DATASET ENTRIES:
....................

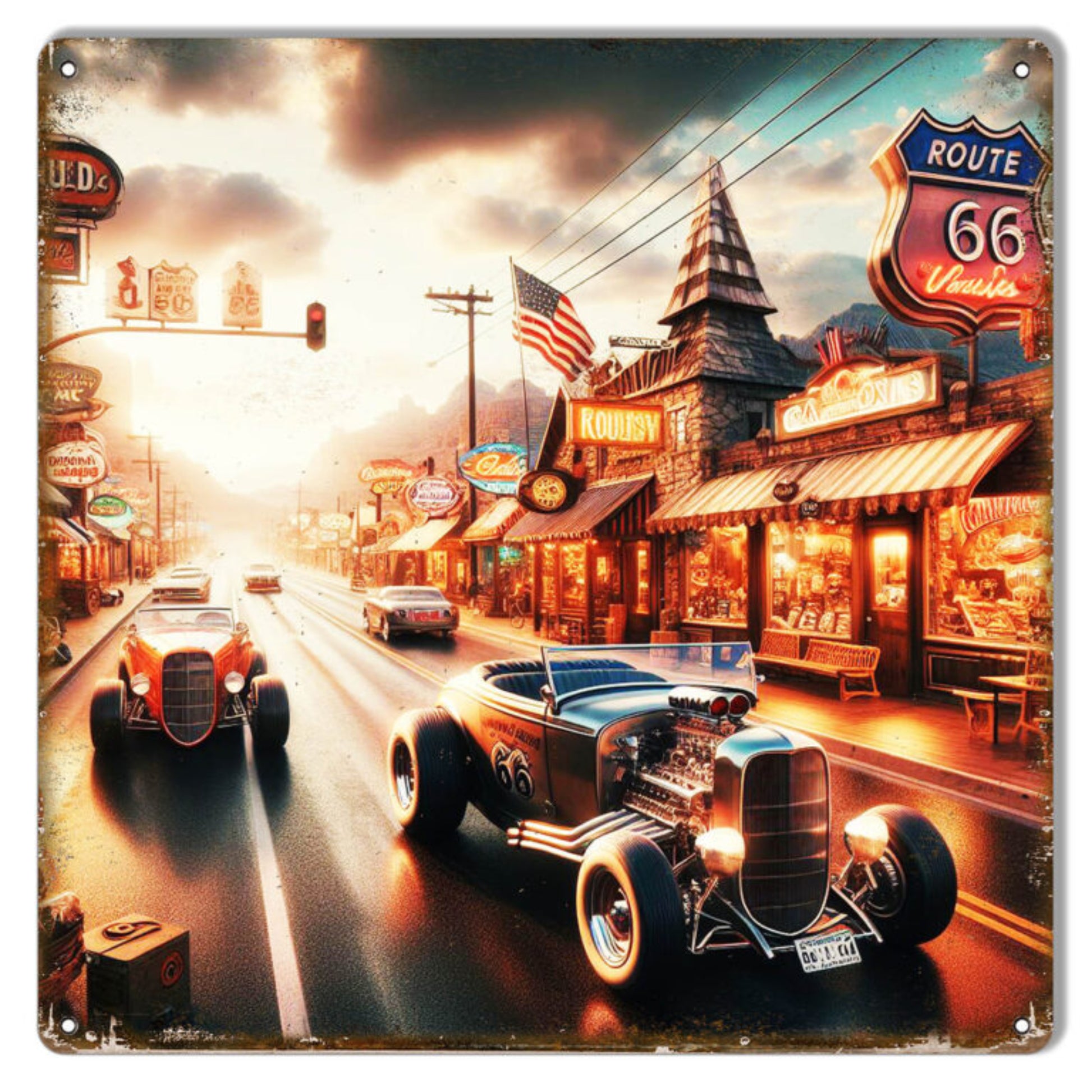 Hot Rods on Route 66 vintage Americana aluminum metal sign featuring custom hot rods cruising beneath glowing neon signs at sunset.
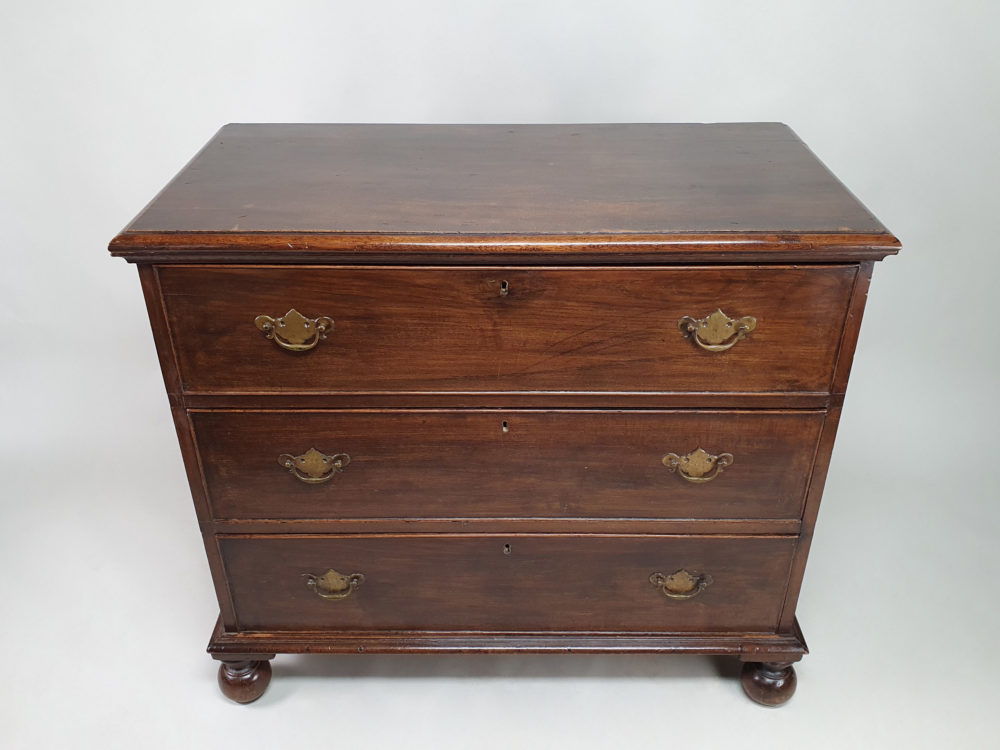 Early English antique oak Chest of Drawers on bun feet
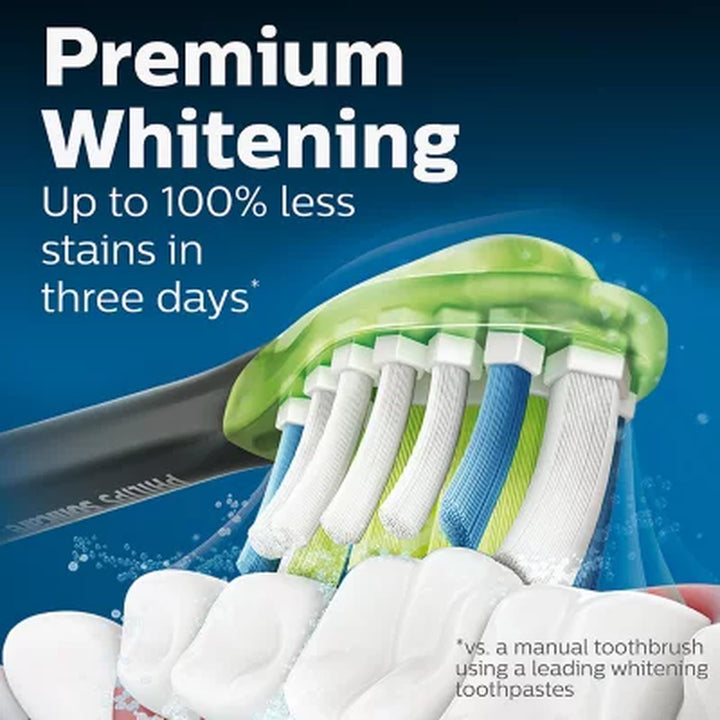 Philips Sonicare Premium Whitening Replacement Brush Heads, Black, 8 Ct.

....................

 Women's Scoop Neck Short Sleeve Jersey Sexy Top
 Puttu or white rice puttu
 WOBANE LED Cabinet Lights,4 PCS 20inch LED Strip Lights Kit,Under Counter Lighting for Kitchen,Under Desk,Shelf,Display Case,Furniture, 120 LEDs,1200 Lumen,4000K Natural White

....................

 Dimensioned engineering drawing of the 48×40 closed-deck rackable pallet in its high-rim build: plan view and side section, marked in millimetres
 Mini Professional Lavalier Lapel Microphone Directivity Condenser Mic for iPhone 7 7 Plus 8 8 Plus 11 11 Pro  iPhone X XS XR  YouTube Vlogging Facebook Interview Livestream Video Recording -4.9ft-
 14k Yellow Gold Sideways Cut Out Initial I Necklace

....................

TASK DIRECTIONS: All that belongs in your answer is the stretch of entries above from the line with "Puttu or white rice puttu" through the line with "WOBANE LED Cabinet", printed exactly.

TASK OUTPUT:
 Puttu or white rice puttu
 WOBANE LED Cabinet Lights,4 PCS 20inch LED Strip Lights Kit,Under Counter Lighting for Kitchen,Under Desk,Shelf,Display Case,Furniture, 120 LEDs,1200 Lumen,4000K Natural White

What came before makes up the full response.